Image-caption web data
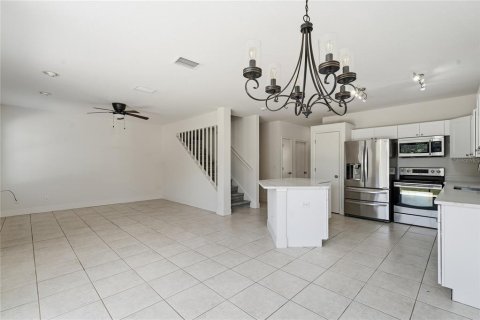 Touwnhouse à louer à Tampa, Floride: 3 chambres, 144.56 m2 № 2429435 - photo 8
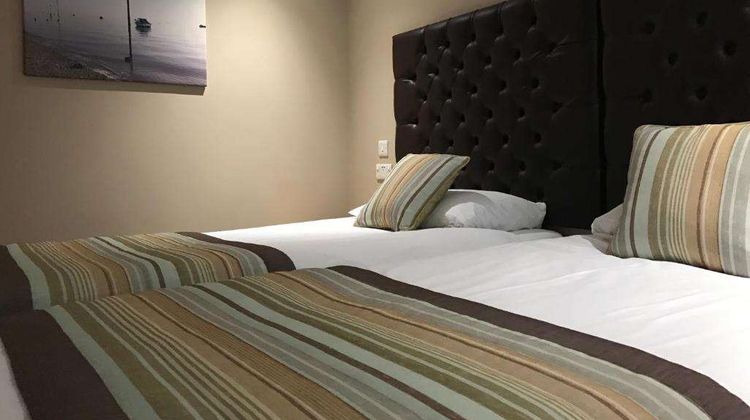 Camelia Hotel & Restaurant Room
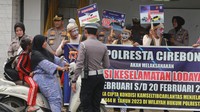 Sosialisasi keselamatan berkendara ini diharapkan dapat mengantisipasi terjadinya kecelakaan pada saat mengendarai kendaraan serta mengurangi resiko bahaya.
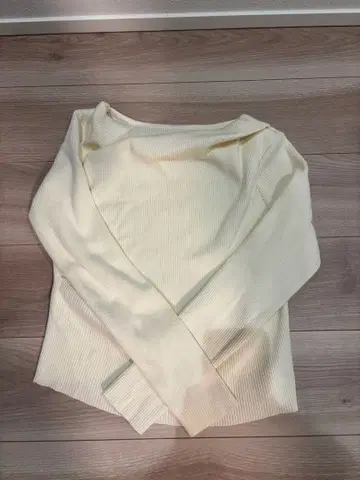 mystic 오프숄더 리브 니트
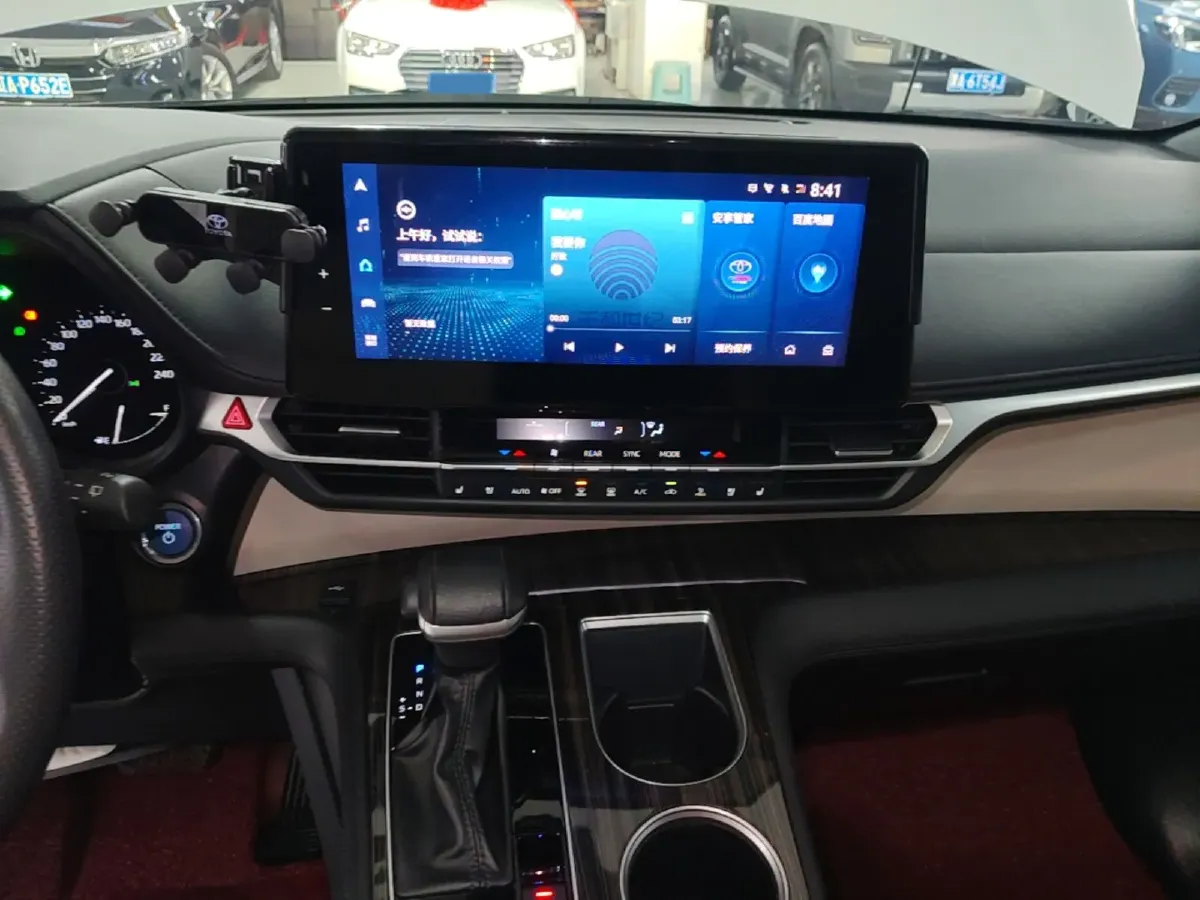 2023 Toyota Granvia 2.5L 189HP L4 E-CVT Hybrid,autocango,china used car exporter,china ev exporter,chinese used car exporter,chinese used ev exporter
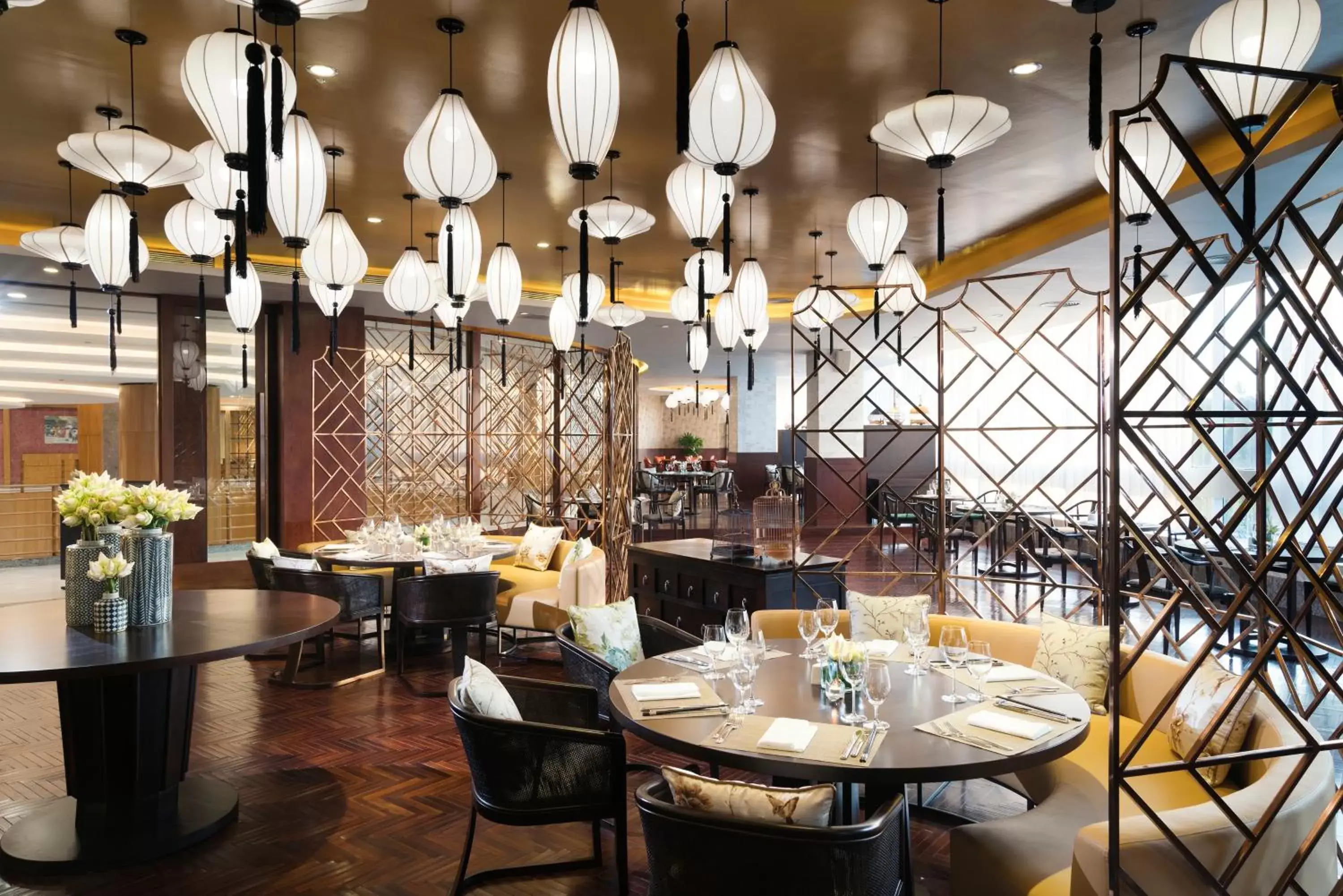 Restaurant/Places to Eat in Melia Yangon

▶ _EXERCISE DIRECTIONS_
Starting with the line that holds "Camelia Hotel & Restaurant Room", return each line exactly through the final line of the entries above; pictures are not part of the output.

▶ _RESPONSE TO THE TASK_
 Camelia Hotel & Restaurant Room
 Sosialisasi keselamatan berkendara ini diharapkan dapat mengantisipasi terjadinya kecelakaan pada saat mengendarai kendaraan serta mengurangi resiko bahaya.
 mystic 오프숄더 리브 니트
 2023 Toyota Granvia 2.5L 189HP L4 E-CVT Hybrid,autocango,china used car exporter,china ev exporter,chinese used car exporter,chinese used ev exporter
 Restaurant/Places to Eat in Melia Yangon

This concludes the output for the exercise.